**DATA LISTING**.

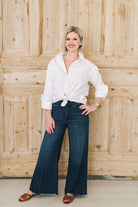 Crisp white women's button down shirt. Worn tied in a knot casually with jeans and jewlery.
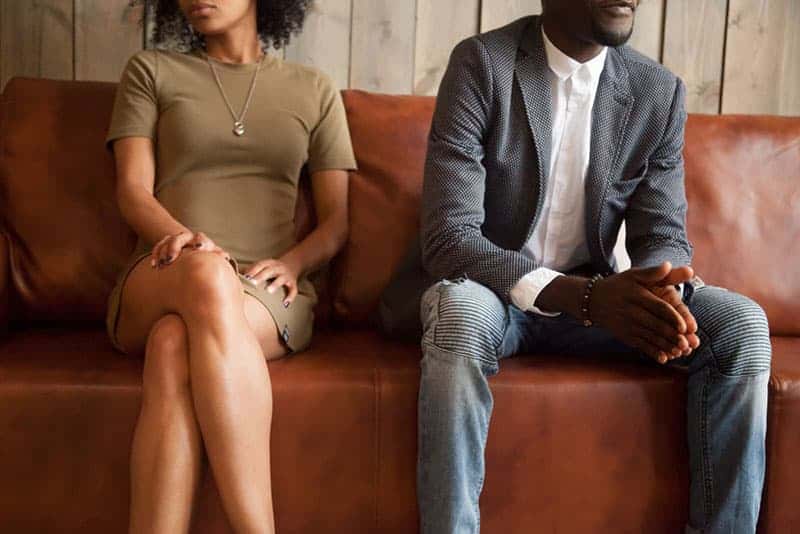 man and woman sitting at sofa, not talking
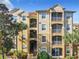 Three-story building with multiple balconies and palm trees at 2809 Almaton Loop # 304, Kissimmee, FL 34747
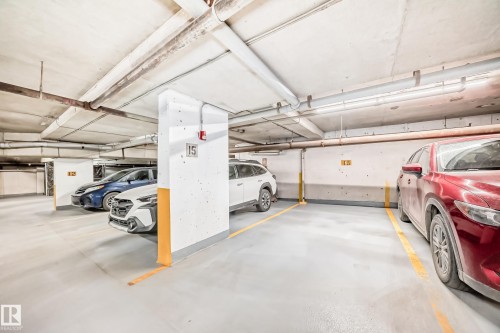 Concrete subterranean parking garage featuring exposed overhead piping, fluorescent lighting, and painted support columns - 1003 10179 105 Street Nw, Edmonton, AB - Indoor Photo Showing Garage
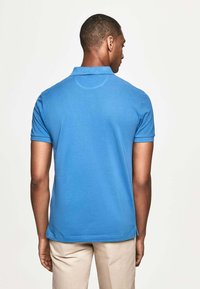 Modrá polokošile s krátkým rukávem a límečkem. Hladká bavlněná látka, jemné švy, nošena s béžovými kalhotami. Pohled zezadu.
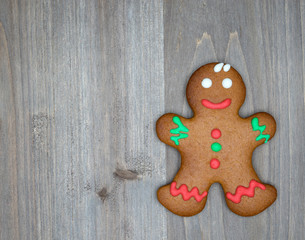 Christmas still life with traditional gingerbread cookies on woo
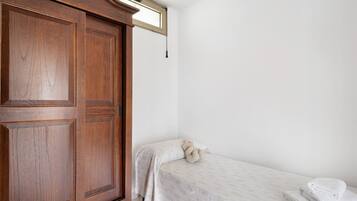 Ein Schlafzimmer mit Holzschrank, einem Bett mit weißer Bettdecke, einem Teddybären und einem Fenster mit Pendelleuchte.
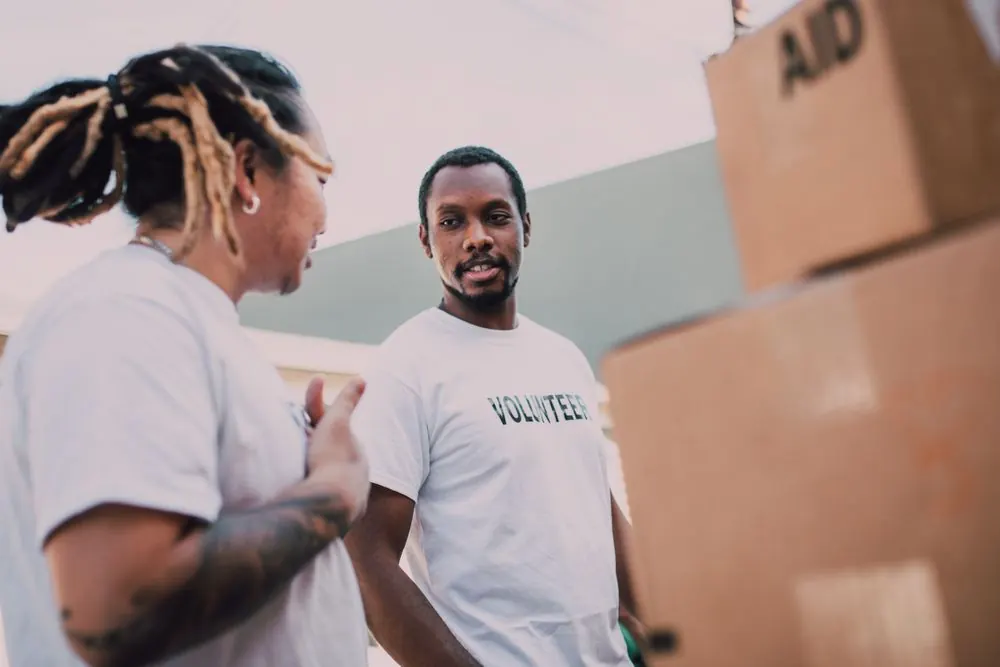 Volunteers organising aid packages together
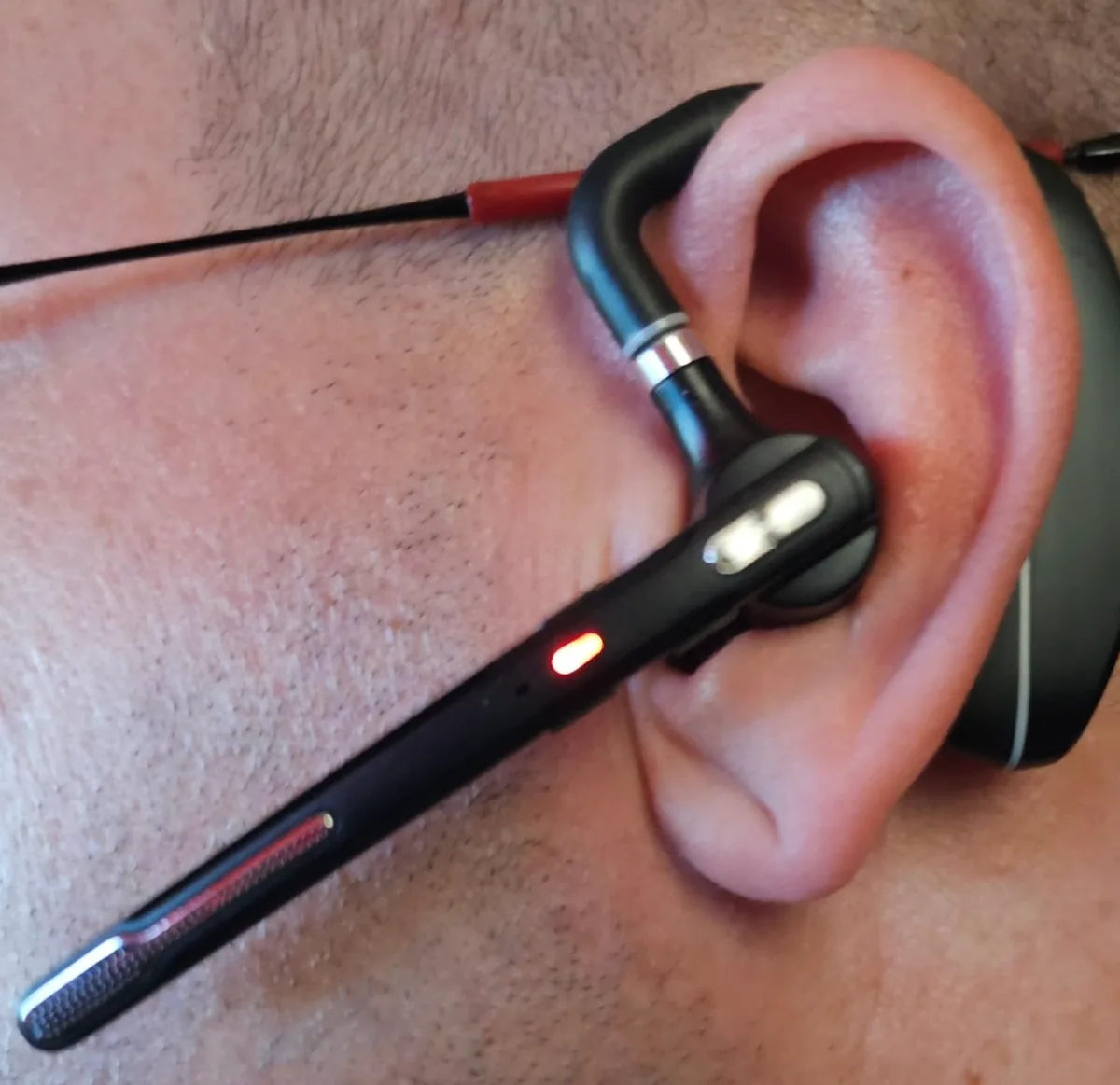 Bluetooth earpiece with a flexible over-ear hook and slim boom mic worn on one ear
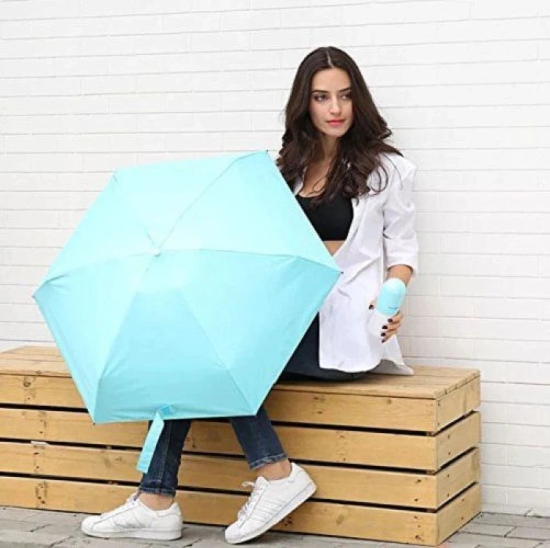 Not Available Designer Ultra Mini UV Coated 4-Fold Travel Capsule Umbrella, (Best for Gifting Purpose and Best fit for Kids) 85 cm Sky Blue - Blue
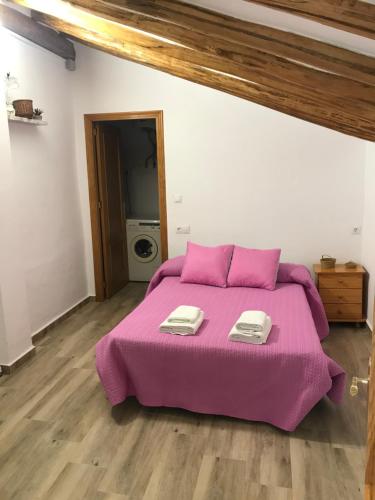 een slaapkamer met een paars bed met 2 handdoeken erop bij Vivienda el Olivar in Mogón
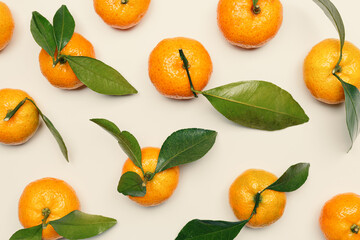 Bright, fresh tangerines with green leaves on neutral background, minimal aesthetic citrus fruits pattern, healthy organic texture orange colored mandarin top view, life stile food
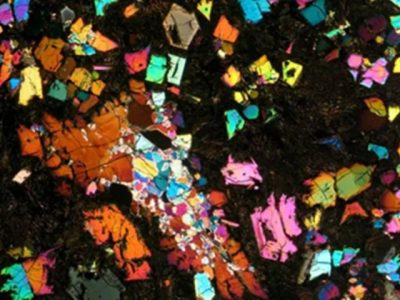 Irisan tipis sampel meteorit langka NWA 12774 jenis angrite di bawah pencahayaan mikroskop cahaya terpolarisasi silang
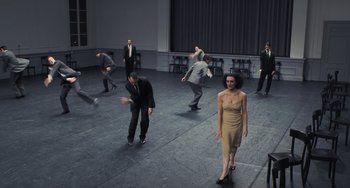 Movie still from “Pina” (2011), directed by Wim Wenders – A group of men and a woman dancing on a stage; Wide shot, High angle
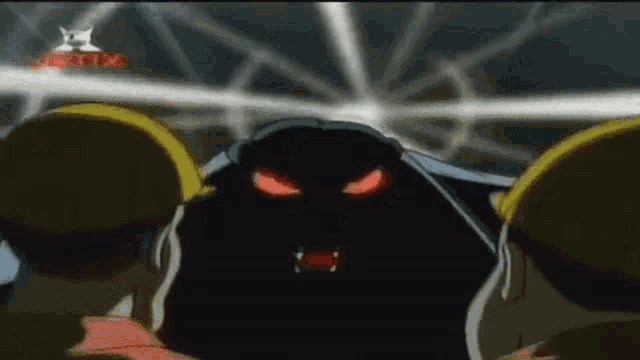 a group of people are standing in front of a cartoon character with red eyes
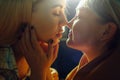 Sensual kiss of two beautiful lesbian girls close-up. Lesbian couple, gay marriage Concept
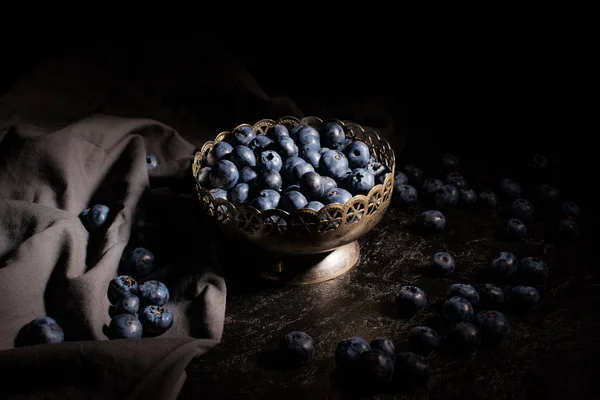 Blueberries in vintage bowl — Stock Photo, Image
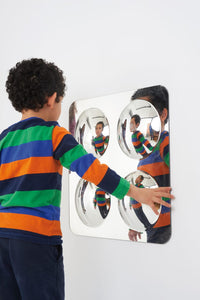 A child stands in front of the Large 4 Bubble Dome Sensory Mirror.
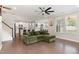Open-concept living room features hardwood floors, a comfortable green couch, and views into the kitchen at 4505 Wingate Song Ct, Knightdale, NC 27545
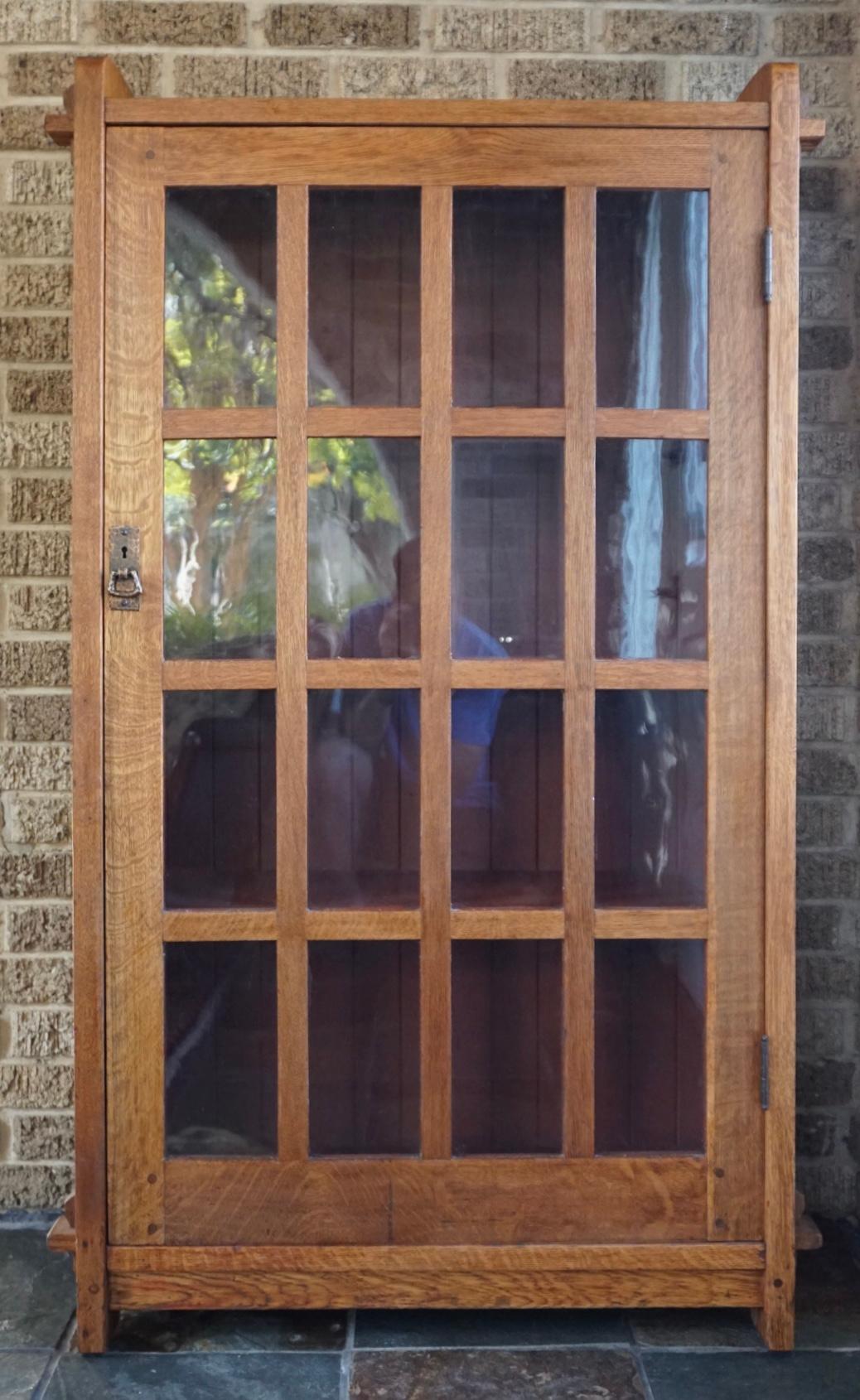 L & LG Stickley Oak Bookcase. Circa 1910
A single 16 pane glass window door bookcase with mortise and tenon oak wood construction is wonderful condition with a beautiful finish ready to complete your arts and crafts  Gustave Stickley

**WHAT YOU NEED TO DO**. Your answer should hold only the lines from the line with "L & LG Stickley Oak Bookcase. Circa 1910" through the closing line of the records, restated exactly and free of pictures.

**SOLUTION FOR THIS TASK**.
 L & LG Stickley Oak Bookcase. Circa 1910
A single 16 pane glass window door bookcase with mortise and tenon oak wood construction is wonderful condition with a beautiful finish ready to complete your arts and crafts  Gustave Stickley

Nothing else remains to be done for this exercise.